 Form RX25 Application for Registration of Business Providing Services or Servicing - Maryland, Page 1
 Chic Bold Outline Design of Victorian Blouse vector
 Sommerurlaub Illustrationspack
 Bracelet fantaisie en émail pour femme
--
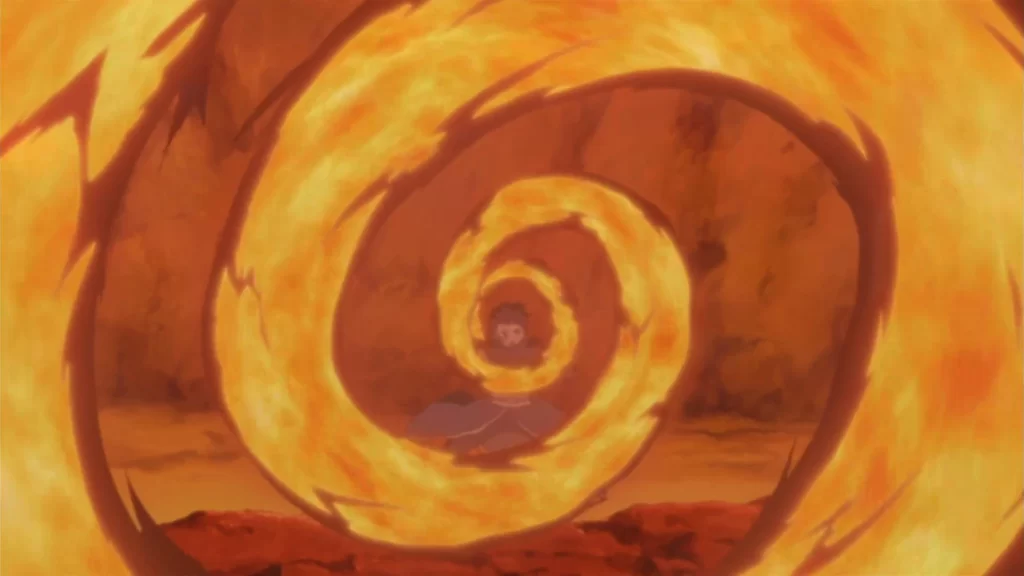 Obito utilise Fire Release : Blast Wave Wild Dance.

■ **WHAT TO WORK ON**
Take the lines above from the one containing "Form RX25 Application" to the one containing "Bracelet fantaisie en émail pour femme" and retype them exactly, both ends included, with nothing added.

■ **YOUR SOLUTION**
 Form RX25 Application for Registration of Business Providing Services or Servicing - Maryland, Page 1
 Chic Bold Outline Design of Victorian Blouse vector
 Sommerurlaub Illustrationspack
 Bracelet fantaisie en émail pour femme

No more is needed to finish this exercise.